Tools/Resources Mentioned:
- The Gist Newsletter
- Stratasan (healthcare analytics firm)
- Chartis (insights)
- Healthcare Dive (news)
Key Concepts:
- Inpatient Only List: A list maintained by CMS specifying procedures that Medicare would only reimburse if performed in an inpatient hospital setting.
- Ambulatory Surgery Center (ASC): A distinct entity that operates exclusively for the purpose of providing surgical services to patients not requiring hospitalization.

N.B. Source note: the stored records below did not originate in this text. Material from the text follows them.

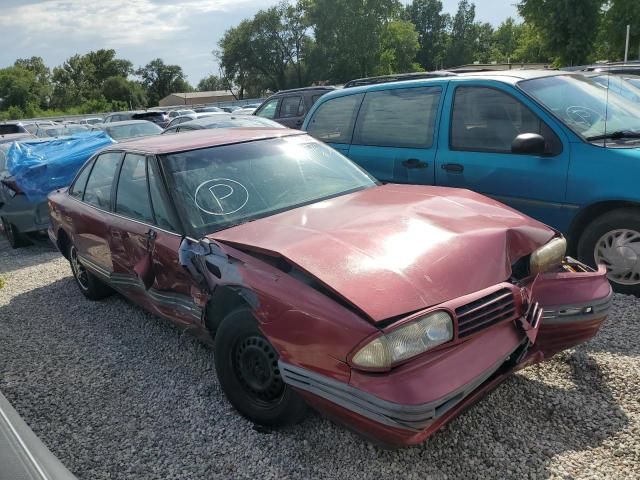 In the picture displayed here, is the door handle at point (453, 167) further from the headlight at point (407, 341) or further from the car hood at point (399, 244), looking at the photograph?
the headlight at point (407, 341)

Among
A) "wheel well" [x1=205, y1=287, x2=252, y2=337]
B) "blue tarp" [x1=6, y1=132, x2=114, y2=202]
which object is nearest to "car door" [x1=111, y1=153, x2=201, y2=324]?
"wheel well" [x1=205, y1=287, x2=252, y2=337]

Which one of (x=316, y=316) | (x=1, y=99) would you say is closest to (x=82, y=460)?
(x=316, y=316)

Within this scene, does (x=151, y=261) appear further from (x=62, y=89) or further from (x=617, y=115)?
(x=62, y=89)

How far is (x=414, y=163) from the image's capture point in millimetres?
4926

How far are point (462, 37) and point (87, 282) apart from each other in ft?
331

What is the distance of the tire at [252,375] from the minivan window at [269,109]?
1003 cm

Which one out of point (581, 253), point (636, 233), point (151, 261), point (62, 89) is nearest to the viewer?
point (151, 261)

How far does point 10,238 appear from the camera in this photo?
8.16 meters

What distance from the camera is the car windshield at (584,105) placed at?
13.5 ft

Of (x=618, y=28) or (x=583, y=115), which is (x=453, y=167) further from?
(x=618, y=28)

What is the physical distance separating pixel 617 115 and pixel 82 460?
4653 mm

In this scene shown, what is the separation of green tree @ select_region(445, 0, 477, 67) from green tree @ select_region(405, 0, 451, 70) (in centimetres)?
181

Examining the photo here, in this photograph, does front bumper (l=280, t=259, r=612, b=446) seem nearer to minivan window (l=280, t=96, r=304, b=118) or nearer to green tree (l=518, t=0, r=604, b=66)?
minivan window (l=280, t=96, r=304, b=118)

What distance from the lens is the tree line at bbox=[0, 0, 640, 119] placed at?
202 ft
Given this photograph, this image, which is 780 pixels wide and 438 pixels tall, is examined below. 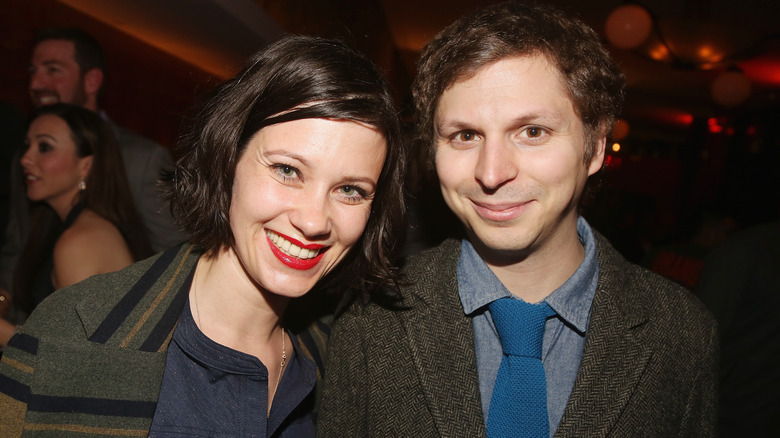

- Payer Mix: The proportion of patients covered by different types of insurance (e.g., commercial, Medicare, Medicaid), which significantly impacts a healthcare provider's revenue.
- Prior Authorization: A requirement from an insurance company that a healthcare provider obtain approval before providing a service or prescribing a medication to be covered by the plan.
Examples/Case Studies:
- Tenet Healthcare's Strategic Shift: One of the largest for-profit hospital systems, Tenet, has strategically pivoted to become the preeminent provider of ambulatory surgery center services for musculoskeletal care, with ASCs accounting for 42% of its revenue in 2021, up from 5% in 2015.